Finally the day arrived, and the Gardner truck pulled up to my curb with four solar panels strapped to the bed and a trailer full of tools in tow:
The crew of three wasted no time getting to work. Chad and Chase got up on the roof, tied themselves to the chimney, and began installing mounting brackets:
Back on the roof, the mounting rails came next:
By lunch time the mounting hardware was all in place, along with most of the electrical components:
Each of the four panels gets its own Enphase M250 microinverter:
After lunch, Patrick installed the second electrical box:
And before long it was time to hoist up the first of the four SolarWorld Sunmodule Plus 280-watt mono black panels:
The three remaining panels quickly followed:
The system came with this cool monitoring unit, which reads data from the inverters off the power line, displays the current power level, and beams it via wifi onto the internet:
The solar system connects to a new 240-volt breaker in my electrical panel:
The city inspector came to check the wiring just five days after the installation. Then, after three more days, Rocky Mountain Power installed my new net meter:
The meter’s LCD display blinks between showing the energy I’ve pulled off the grid and the energy I’ve pushed onto it. So far, after ten days, those numbers are 25 and 37 kilowatt-hours, respectively. But the Enphase monitor data says I’ve generated a total of 51 kWh during this time, so I must have used another 14 kWh as it came off the solar system, which the meter never saw.

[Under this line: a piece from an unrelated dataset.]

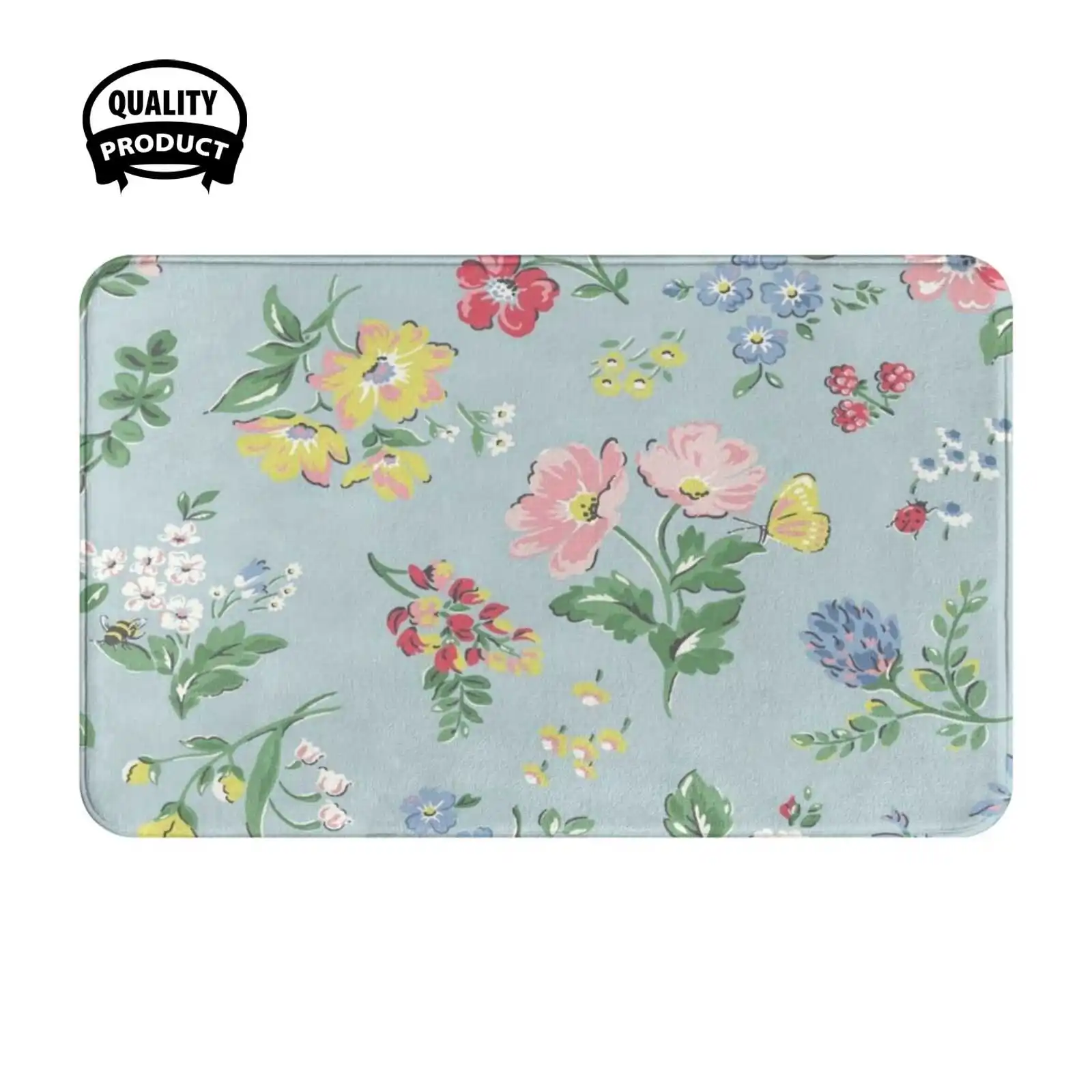 Flowers Design Soft Cushion Home Carpet Door Mat Car Rug Pretty Vintag Pink Girly Roses Shabby Chic Cute Kitsch Nature Repeat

Gardner predicts that this system will generate a total of 1657 kWh per year, and I’ve been using only about 1400 kWh/year, so in a sense I can now claim that “all” of my home’s electricity is solar. But only a fraction of the solar energy is being produced when I need it, so I’m still very much dependent on the grid, and on the coal- and gas-fired power plants that power that grid through the nights and cloudy days.
What about cost? The sticker price of my solar system came to $4251.41, including $260.61 for the Ogden City permit. But I expect to recover 55% of the cost through the federal and state tax credits, so my net up-front cost should be a little over $1900. Under the current rates and net-metering policy I should save about $10/month on my electricity bill (I’ll still pay the $8 minimum monthly fee), so the system would pay for itself in 16 years if rates and policies don’t change. Inevitably the rates and policies will change over that time, so my $1900 investment is rather risky.
If you’re thinking of installing your own solar system, be aware that the return-on-investment calculation depends on all sorts of details that will vary from one installation to another. In all cases, however, we’re talking about thousands of dollars. Before you even consider spending that kind of money, I would strongly urge you to invest the effort to find and eliminate wasteful electricity uses in your home. Mr. Money Mustache has a great article on how to do that. Get yourself a Kill-a-Watt meter at the very least!
Finally, from a broader perspective, let me point out that it’s not very efficient to pay young men to risk their lives up on roofs, installing solar panels a few at a time. At least in Utah where electricity is cheap, the rooftop solar business is viable only because of the tax incentives—and even then, it works only for homeowners with suitable, unshaded roofs and cash to invest (or at least good credit). If the goal is to reduce carbon emissions, it would be far more efficient for society to invest in utility-scale solar farms. Then the economy of scale, ease of installation, and optimized siting would make government subsidies superfluous. But here in Utah our elected officials don’t even believe global warming is real, while they’re happy to provide government subsidies to well-off rugged individualists. So for now, rooftop is the only solar game in town.